Grande diffusione – spiega l’infagine – sembra avere la modalità di attacco a tre fasi, che colpisce numerose aziende. Consiste nell’invio di una mail di phishing che include un link a un sito web dannoso o, principalmente, un allegato malevolo. Poi c’è il download del malware sul Pc dell’utente, punto d’accesso iniziale, mentre malware aggiuntivi possono essere utilizzati per individuare documenti segreti, sottrarre informazioni interne (spionaggio) o crittografare file a scopo di estorsione (nella maggior parte dei casi, il malware ruba le credenziali di numerose applicazioni attraverso un key-logging). L’ultimo passaggio è quello dell’uso delle credenziali per futuri attacchi, come l’accesso, ad esempio, a siti web di terze parti (banche o siti di e-commerce).
Il report di Verizon evidenzia anche altri dati: l’89% di tutti gli attacchi implica motivazioni finanziarie o di spionaggio. La maggior parte delle offensive sfrutta vulnerabilità conosciute ma irrisolte, nonostante le patch siano disponibili da mesi, se non addirittura anni (le dieci vulnerabilità più conosciute hanno riguardato l’85% degli exploit di successo). Il report aggiunge altri dati importanti: il 63% delle violazioni rilevate ha interessato l’utilizzo di password deboli, predefinite o sottratte; il 95% delle violazioni e l’86% degli incidenti di sicurezza segnalati rientrano in sole nove tipologie precedentemente individuate.
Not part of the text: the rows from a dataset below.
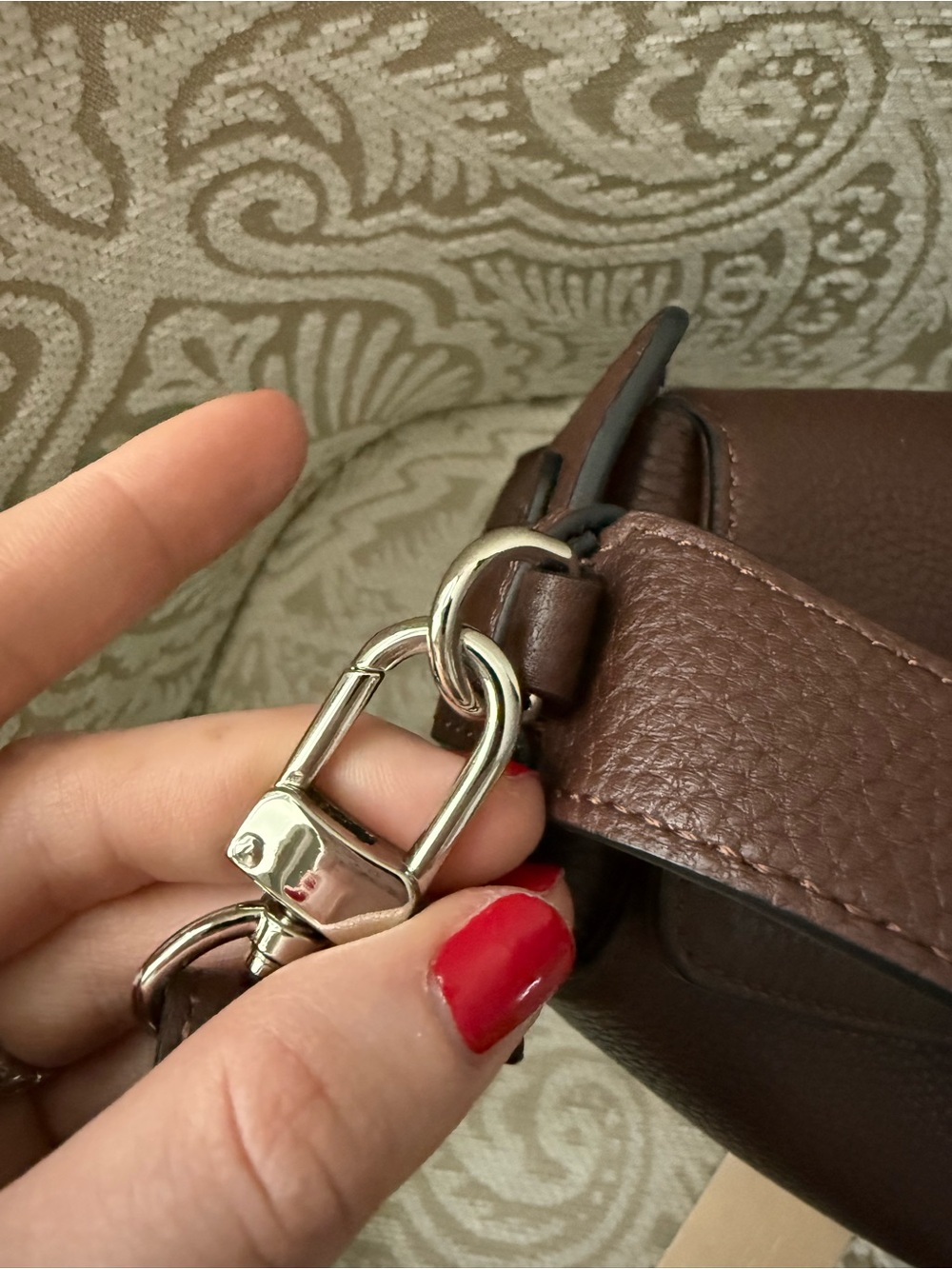 The Horse Clementine Shoulder Bag in Coffee Pebbled Leather - Picture 4 of 13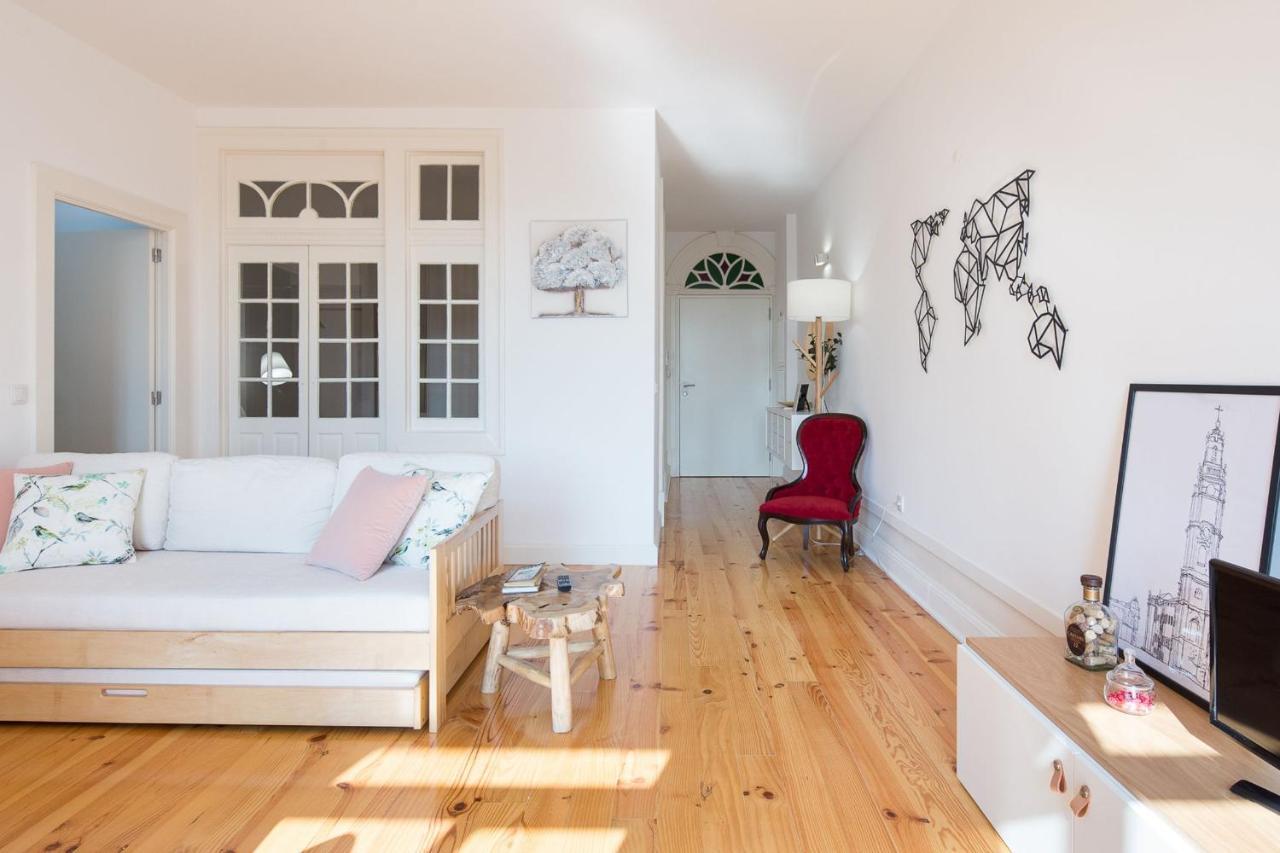 Lovelystay - Martires Boutique Flat Порто Екстериор снимка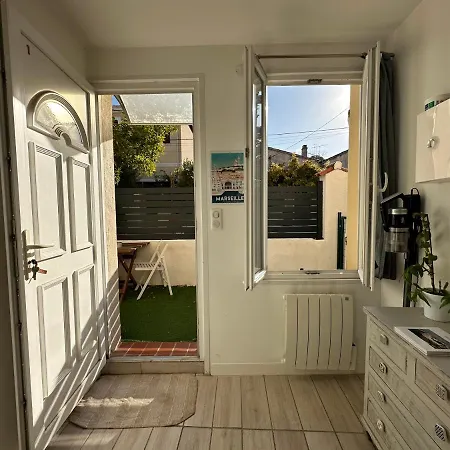 Avec Terrasse-orange Velodrome Apartment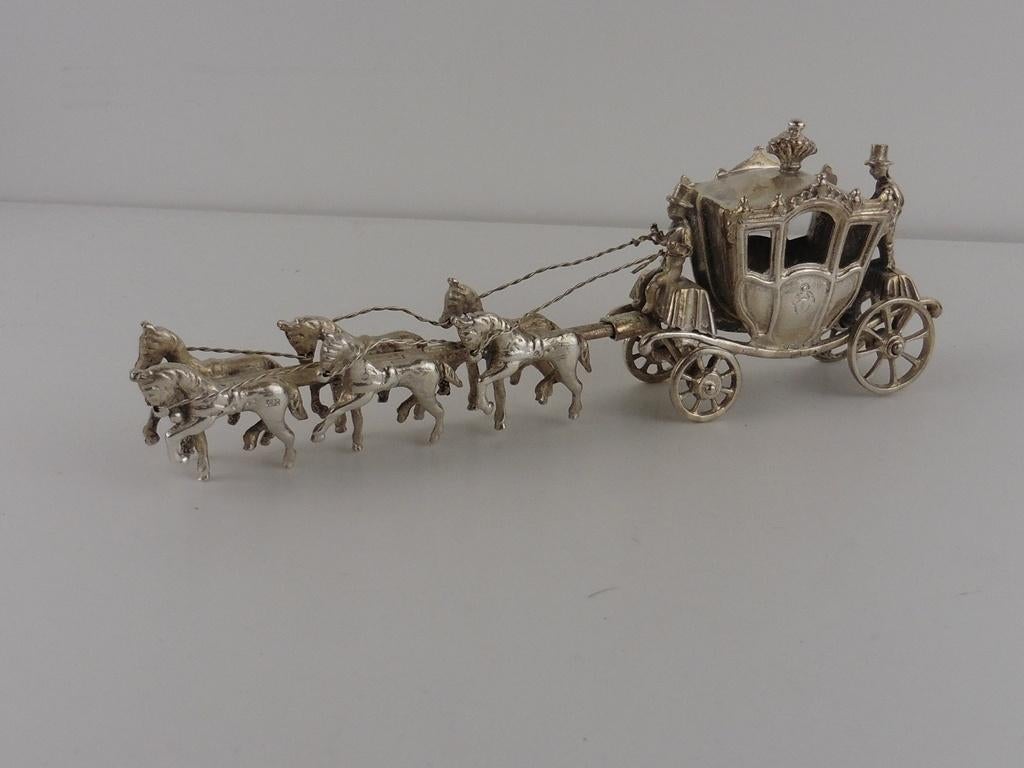 Zilveren miniatuur Gouden Koets met 6 paarden            Z67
A preoccupare è anche la rapidità con cui viene commessa un’azione di cyber crime. Per i ricercatori di Verizon, nel 93% dei casi gli attaccanti impiegano un minuto o meno per compromettere un sistema, mentre il furto di dati si verifica in pochi minuti nel 28% delle occasioni. Nel report di quest’anno, così come già rilevato nell’edizione 2015, la compromissione di dispositivi mobili o dell’Internet of Things non rappresenta un fattore significativo. Il recente report, tuttavia, evidenzia come esistano già una serie di prototipi di exploit e che si tratta perciò solo di una questione di tempo prima che si verifichi una violazione su più larga scala che coinvolga dispositivi mobili e IoT. Di conseguenza, le organizzazioni non possono abbassare la guardia e devono attrezzarsi per proteggere efficacemente i propri smartphone e i vari oggetti connessi.